*** Opening DATA TO PROCESS ***
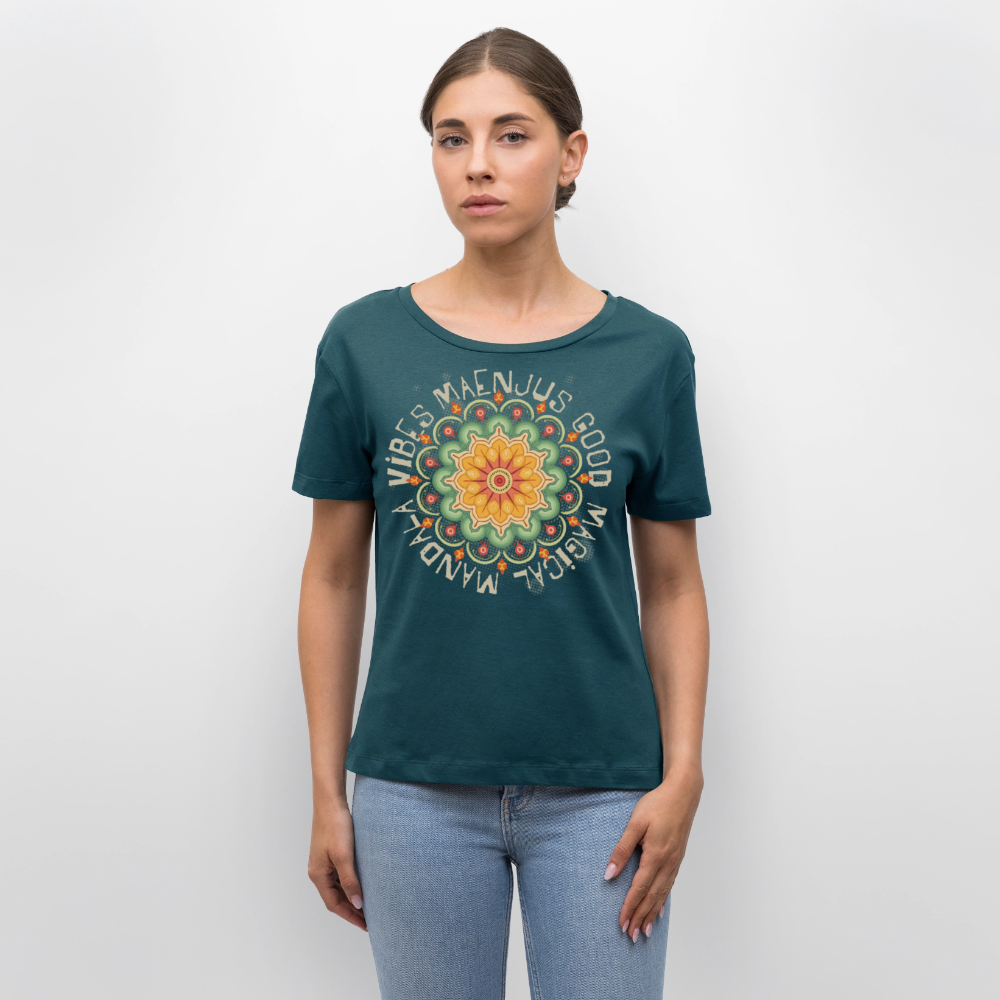 Rundhals Frauen Bio-T-Shirt mit Mandala Vibes PRINT - Dunkles Petrol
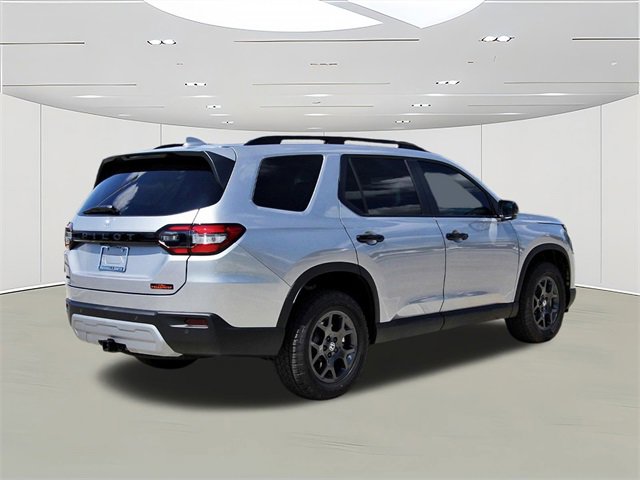 New 2025 Honda Pilot TrailSport image 3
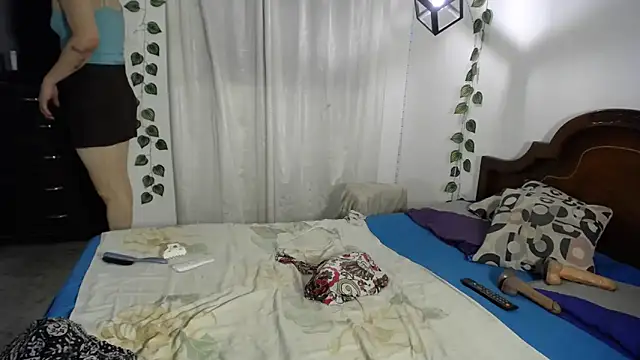 ivonne  hott1 online show from April 4, 2026, 11:35 pm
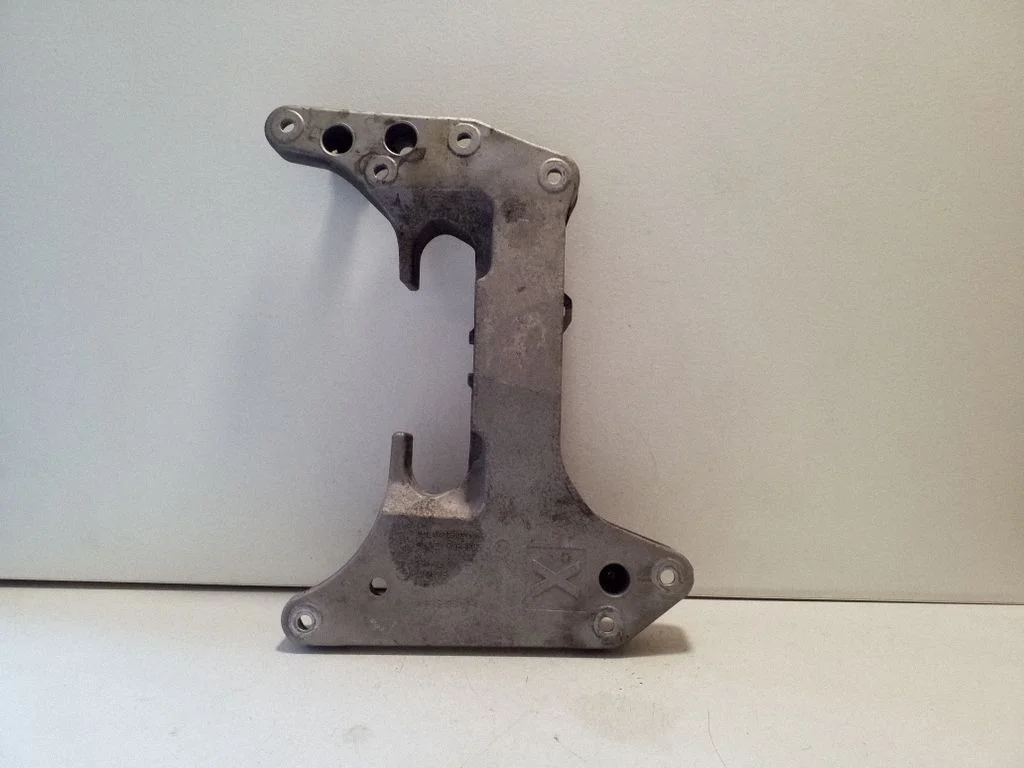 Gearbox mounting bracket – BMW 3 Series G20 G21 (2019-)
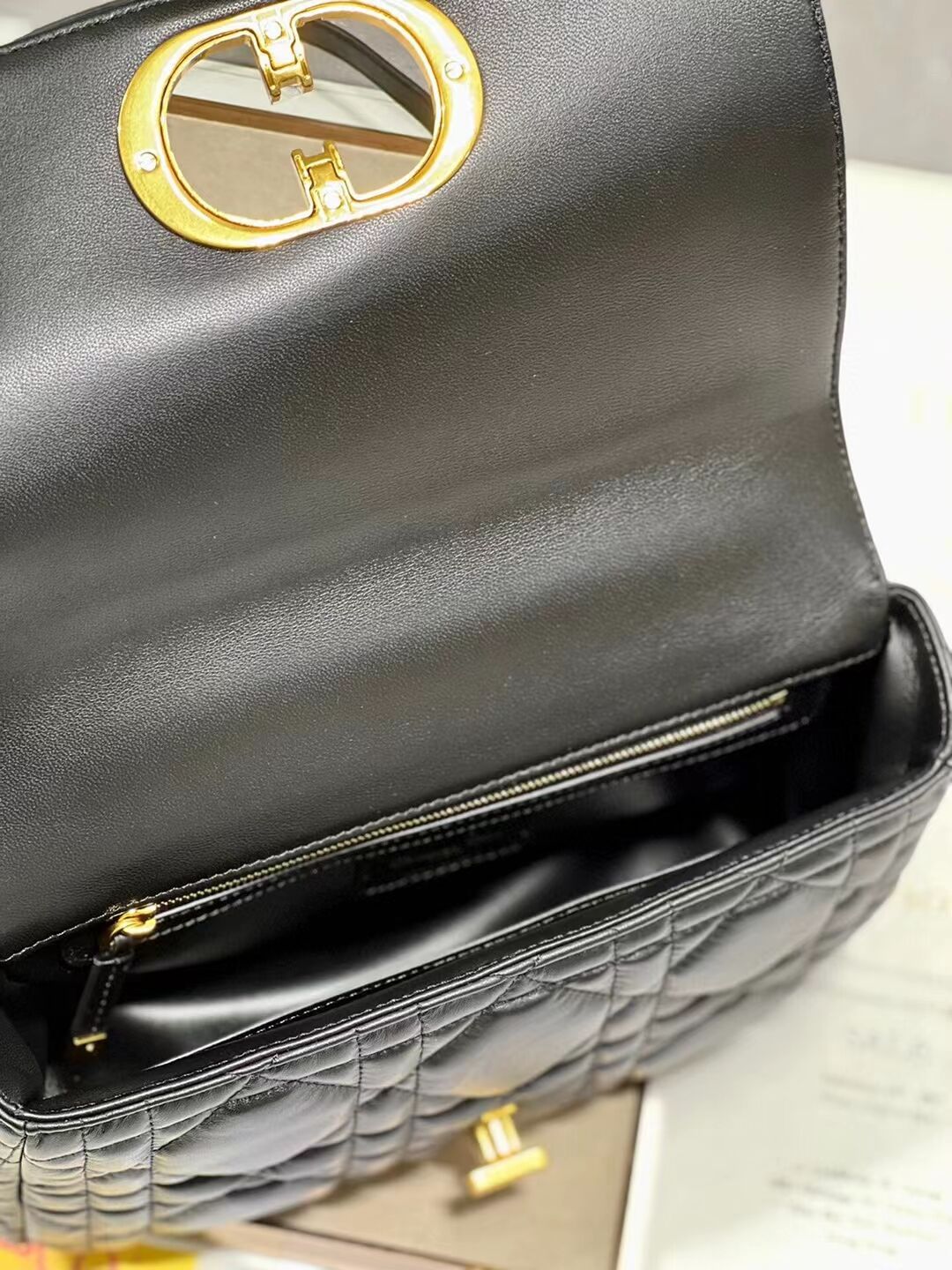 MEDIUM DIOR CARO BAG Supple Cannage Calfskin M9242U black&gold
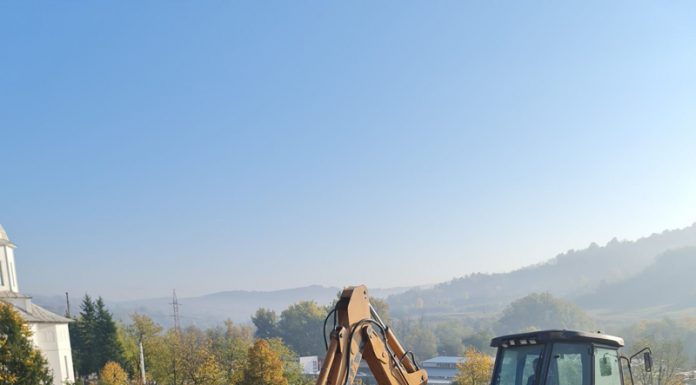 VIDEO: Bătaie de joc! Cavou cu o persoană recent decedată, acoperit de pământ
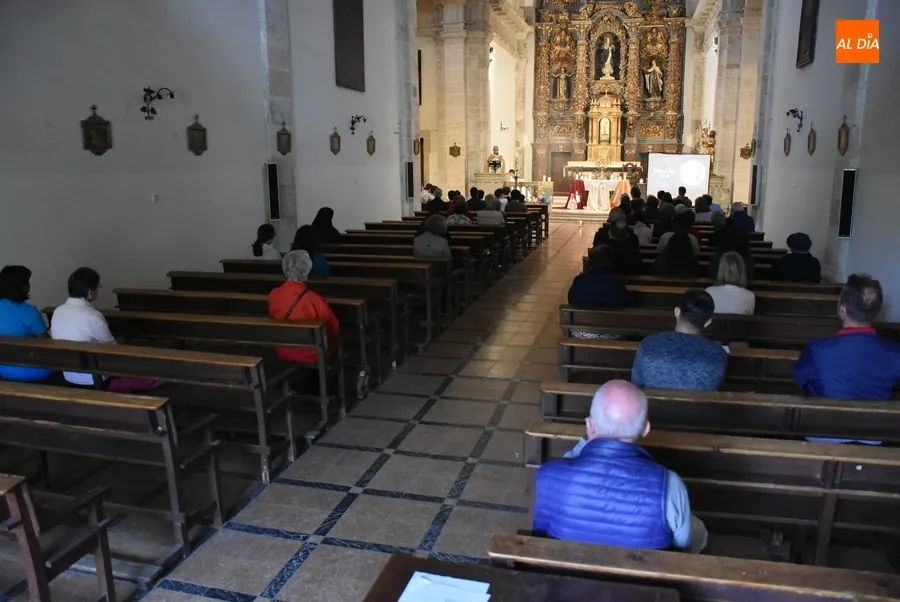 Foto 11 - Una Vigilia liderada por el Seminario remata las '12 horas de Oraci&oacute;n por las Vocaciones'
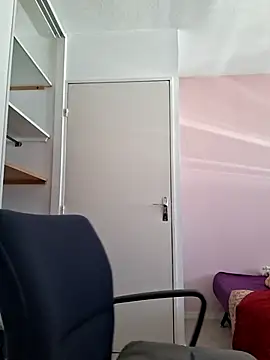 Nell-X online show from 06-17-26, 11:34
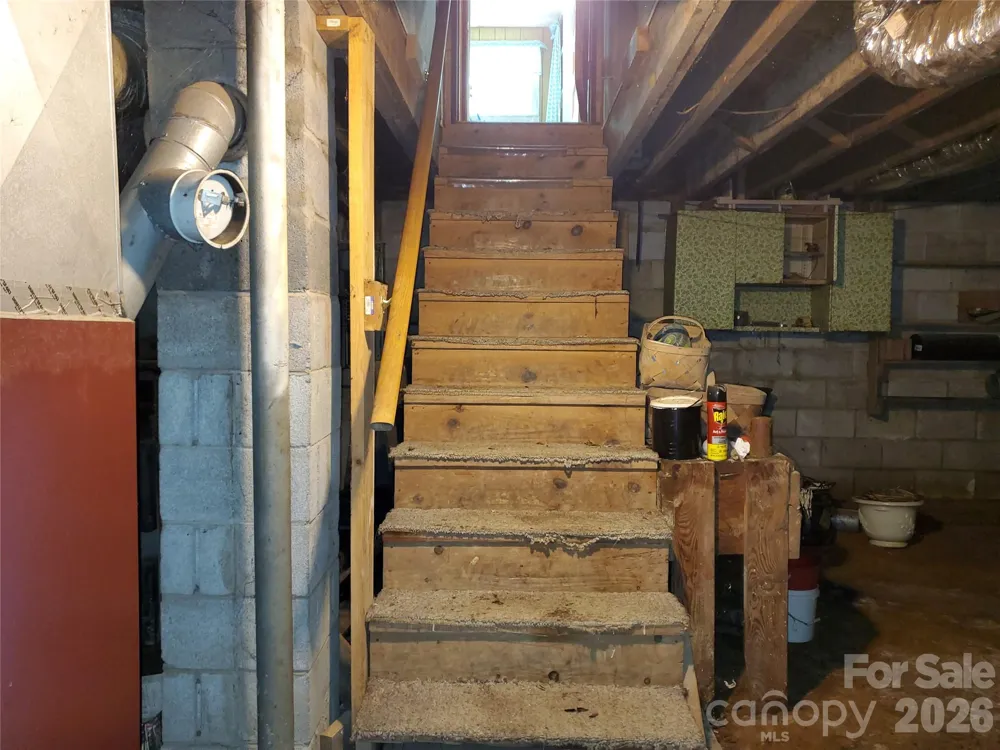 886 Hanging Rock Road Spruce Pine, NC 28777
*** Closing DATA TO PROCESS ***
> [TASK ITEM]:
Exactly the lines from the one containing "VIDEO: Bătaie de" to the final line of the entries are wanted; please write them out, both ends included, but not the pictures.

> [RESULT OF THIS TASK]:
 VIDEO: Bătaie de joc! Cavou cu o persoană recent decedată, acoperit de pământ
 Foto 11 - Una Vigilia liderada por el Seminario remata las '12 horas de Oraci&oacute;n por las Vocaciones'
 Nell-X online show from 06-17-26, 11:34
 886 Hanging Rock Road Spruce Pine, NC 28777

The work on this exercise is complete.